In absolute terms, China improved significantly from 2010 (3.5 out of 10) to 2013 (4.0 out of 10), but its ranking fell because other countries worse than it in 2010 improved even more than China did.

Then, it declined in 2014 from 2013 (back to 3.5), however, and that did represent something real. What was starting to be discovered was that became more clear in 2014 and even more clear in 2015 was the economic and transactions were being manipulated to look rosy when they were not in China.

There were already signs of a bubble that the government was covering up in 2012 in the steel industry. International economic bodies were starting to sound the alarm of a bubble that the government was covering up by the summer of 2013.

Economic analysts were noting that Chinese banks had lots of bad debt outstanding that hasn't been written off, artificially inflating GDP by a big amount in October of 2014. About 97% of the profits that manufacturers in China earned in 2014 were from a 60% increase in the value of the investment securities that they held, while their profits from operations rose by only 0.09%. In 2014, around 97% of existing yuan-denominated bonds hold ratings of double-A to triple-A—the best a company can get despite clear evidence of widespread manufacturing industry distress and the bond ratings of almost all publicly listed Chinese companies were wildly overrated. There were numerous anecdotes of a manufacturing bubble in the international news by April of 2015, but those were known to the insiders in the Transparency International study sooner.

In early July of 2015, the Chinese government has basically closed the stock markets for 89% of its publicly traded firms due to a continuing stock market crash; the Shanghai index was then firmly in bear market territory, down 28.6 per cent since the June peak, while the tech-heavy Shenzhen Composite had fallen 33.2 per cent.
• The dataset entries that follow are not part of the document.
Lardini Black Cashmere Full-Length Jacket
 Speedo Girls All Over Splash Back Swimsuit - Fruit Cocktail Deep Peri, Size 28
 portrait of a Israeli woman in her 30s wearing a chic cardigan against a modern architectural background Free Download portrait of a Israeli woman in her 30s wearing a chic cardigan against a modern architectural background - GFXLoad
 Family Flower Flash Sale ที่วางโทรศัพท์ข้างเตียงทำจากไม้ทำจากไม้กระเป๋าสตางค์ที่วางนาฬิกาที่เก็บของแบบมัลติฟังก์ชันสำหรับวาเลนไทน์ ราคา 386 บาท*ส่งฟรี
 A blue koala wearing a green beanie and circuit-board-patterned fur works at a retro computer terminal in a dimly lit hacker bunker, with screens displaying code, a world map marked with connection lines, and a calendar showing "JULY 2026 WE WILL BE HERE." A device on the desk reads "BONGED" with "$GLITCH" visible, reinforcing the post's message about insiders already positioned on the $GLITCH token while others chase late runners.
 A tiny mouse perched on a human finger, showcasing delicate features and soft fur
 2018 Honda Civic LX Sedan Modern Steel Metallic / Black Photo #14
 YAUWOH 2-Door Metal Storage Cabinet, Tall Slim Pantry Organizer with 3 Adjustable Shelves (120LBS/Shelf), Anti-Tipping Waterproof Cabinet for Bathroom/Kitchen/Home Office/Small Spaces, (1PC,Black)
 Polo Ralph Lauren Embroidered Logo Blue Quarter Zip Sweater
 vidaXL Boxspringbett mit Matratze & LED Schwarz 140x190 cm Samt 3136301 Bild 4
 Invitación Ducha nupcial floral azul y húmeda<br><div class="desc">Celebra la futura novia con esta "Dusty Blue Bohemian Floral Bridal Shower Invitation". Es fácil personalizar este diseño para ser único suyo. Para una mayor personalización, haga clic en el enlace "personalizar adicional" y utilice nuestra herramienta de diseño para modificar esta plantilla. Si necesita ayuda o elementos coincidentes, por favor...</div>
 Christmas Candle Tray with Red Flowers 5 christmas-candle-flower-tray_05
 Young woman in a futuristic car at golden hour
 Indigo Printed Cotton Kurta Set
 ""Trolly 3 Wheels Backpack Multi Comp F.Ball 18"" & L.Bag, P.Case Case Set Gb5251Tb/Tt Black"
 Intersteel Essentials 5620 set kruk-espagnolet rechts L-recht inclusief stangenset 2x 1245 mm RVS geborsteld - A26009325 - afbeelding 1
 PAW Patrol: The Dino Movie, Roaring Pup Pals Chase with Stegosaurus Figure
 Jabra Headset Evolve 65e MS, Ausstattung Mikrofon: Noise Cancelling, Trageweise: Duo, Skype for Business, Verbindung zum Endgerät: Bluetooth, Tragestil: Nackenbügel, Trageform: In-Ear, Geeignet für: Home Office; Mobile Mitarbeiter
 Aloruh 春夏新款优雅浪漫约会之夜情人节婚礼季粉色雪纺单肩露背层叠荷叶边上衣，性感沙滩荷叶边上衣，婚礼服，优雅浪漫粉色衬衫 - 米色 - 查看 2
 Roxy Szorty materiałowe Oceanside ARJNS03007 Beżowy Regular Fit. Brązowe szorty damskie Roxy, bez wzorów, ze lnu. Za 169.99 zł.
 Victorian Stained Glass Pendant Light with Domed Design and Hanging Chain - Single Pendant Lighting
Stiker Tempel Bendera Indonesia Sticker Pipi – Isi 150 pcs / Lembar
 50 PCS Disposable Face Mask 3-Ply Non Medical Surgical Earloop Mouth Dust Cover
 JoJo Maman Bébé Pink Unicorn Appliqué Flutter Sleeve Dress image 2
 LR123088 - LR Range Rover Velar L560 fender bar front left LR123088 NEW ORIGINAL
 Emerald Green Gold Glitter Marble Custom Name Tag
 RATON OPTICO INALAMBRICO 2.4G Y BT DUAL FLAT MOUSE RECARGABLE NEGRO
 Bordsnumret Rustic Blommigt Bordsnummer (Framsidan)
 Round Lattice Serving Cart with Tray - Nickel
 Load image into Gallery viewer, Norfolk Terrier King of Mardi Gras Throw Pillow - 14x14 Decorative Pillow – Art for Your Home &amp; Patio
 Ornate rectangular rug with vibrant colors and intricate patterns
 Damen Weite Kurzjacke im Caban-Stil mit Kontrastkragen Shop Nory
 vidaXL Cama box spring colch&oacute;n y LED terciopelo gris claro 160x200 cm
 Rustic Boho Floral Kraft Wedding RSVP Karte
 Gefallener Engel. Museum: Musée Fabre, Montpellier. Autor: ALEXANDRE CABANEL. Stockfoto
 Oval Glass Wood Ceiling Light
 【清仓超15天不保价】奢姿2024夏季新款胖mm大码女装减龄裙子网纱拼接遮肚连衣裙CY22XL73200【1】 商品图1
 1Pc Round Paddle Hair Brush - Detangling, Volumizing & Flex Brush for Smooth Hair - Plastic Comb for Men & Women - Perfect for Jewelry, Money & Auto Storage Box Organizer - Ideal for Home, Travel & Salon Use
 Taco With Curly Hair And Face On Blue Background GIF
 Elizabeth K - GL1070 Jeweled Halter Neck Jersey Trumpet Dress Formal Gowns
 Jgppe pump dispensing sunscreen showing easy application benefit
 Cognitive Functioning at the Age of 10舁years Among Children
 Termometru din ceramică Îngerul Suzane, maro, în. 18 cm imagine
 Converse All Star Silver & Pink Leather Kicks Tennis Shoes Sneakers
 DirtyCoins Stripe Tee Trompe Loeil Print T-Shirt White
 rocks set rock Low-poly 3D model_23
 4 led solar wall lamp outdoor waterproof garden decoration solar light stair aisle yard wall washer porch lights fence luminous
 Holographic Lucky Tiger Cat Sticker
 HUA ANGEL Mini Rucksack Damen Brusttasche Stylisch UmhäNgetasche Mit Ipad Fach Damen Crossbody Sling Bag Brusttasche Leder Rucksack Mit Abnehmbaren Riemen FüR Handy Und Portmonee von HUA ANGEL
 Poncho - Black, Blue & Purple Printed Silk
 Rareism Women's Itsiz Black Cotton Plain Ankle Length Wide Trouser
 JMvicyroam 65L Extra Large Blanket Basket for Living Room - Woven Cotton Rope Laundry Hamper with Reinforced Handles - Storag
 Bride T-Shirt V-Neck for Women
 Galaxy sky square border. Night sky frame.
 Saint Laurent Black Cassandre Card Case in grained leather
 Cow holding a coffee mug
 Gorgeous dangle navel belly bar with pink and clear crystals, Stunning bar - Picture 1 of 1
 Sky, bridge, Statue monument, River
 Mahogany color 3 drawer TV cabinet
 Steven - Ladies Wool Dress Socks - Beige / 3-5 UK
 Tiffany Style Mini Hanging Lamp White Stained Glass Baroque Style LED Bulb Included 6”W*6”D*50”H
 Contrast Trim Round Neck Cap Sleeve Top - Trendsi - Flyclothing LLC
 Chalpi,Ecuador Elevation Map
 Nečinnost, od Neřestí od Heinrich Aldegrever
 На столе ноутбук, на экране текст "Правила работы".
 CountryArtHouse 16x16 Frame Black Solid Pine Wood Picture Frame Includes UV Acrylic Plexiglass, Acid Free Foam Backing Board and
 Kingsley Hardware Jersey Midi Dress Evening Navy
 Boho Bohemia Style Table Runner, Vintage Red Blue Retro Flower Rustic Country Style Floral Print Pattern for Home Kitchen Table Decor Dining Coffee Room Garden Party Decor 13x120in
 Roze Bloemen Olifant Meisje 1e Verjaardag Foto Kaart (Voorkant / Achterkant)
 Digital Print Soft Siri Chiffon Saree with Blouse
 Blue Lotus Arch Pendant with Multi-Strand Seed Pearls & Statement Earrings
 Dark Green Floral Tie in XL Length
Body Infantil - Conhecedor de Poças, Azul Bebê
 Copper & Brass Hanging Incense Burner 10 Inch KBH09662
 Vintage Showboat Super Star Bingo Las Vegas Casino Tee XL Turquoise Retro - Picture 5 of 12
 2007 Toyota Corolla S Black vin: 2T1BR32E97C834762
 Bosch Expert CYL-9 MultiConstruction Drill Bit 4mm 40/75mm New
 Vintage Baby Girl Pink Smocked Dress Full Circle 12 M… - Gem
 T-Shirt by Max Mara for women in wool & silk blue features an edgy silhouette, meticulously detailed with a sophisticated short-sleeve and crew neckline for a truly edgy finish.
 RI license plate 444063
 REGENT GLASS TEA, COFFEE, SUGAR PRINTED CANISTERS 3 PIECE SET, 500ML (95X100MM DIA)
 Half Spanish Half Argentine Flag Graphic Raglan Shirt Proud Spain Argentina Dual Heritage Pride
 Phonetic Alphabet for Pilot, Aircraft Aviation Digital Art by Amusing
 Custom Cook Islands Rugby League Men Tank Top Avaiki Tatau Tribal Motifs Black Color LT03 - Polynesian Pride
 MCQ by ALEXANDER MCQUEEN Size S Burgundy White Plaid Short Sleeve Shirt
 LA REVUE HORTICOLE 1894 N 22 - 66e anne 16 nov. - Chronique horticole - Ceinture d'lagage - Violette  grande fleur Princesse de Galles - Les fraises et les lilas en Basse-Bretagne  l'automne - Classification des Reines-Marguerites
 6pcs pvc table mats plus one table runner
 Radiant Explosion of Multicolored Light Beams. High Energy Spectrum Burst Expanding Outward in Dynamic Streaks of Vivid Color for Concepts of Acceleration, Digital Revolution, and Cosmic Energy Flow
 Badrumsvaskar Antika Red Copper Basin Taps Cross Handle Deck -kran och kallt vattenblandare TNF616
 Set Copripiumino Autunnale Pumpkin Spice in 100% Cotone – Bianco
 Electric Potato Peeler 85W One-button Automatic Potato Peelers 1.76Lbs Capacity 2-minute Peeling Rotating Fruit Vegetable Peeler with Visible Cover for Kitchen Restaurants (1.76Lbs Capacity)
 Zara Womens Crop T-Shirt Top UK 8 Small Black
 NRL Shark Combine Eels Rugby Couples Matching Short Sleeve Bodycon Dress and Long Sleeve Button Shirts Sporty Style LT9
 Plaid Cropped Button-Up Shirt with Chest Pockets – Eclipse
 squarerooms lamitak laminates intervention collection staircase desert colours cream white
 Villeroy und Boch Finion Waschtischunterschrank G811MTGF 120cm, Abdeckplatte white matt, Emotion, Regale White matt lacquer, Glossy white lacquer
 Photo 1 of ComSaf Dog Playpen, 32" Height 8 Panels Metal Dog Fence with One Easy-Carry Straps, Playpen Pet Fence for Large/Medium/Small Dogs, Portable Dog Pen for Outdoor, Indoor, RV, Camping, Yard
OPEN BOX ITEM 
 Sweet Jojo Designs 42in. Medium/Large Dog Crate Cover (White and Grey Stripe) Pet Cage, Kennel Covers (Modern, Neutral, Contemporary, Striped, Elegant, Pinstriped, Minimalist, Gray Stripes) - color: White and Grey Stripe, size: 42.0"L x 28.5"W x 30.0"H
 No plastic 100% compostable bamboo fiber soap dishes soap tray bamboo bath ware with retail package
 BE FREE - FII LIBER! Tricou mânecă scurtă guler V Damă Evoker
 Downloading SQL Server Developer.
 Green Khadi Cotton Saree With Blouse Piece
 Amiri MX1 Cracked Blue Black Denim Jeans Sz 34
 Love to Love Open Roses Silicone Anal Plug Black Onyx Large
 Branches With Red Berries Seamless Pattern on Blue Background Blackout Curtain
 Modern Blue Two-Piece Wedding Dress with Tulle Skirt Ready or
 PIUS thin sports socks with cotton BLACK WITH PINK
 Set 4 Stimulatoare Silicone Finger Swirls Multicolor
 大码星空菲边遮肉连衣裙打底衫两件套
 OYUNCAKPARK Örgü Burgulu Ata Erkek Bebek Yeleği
In response, by late July of 2015, a Chinese government agency, the China Securities Finance Corp (CSF), central bank-backed refinancing institution, came to be "among top 10 shareholders of many listed-firms" as Chinese regulators have stepped in to prop up a collapsing stock market, effectively, turning what had until recently been a mostly theoretical communist basis of the Chinese economy into one in which state ownership of enterprise was again rapidly becoming the norm.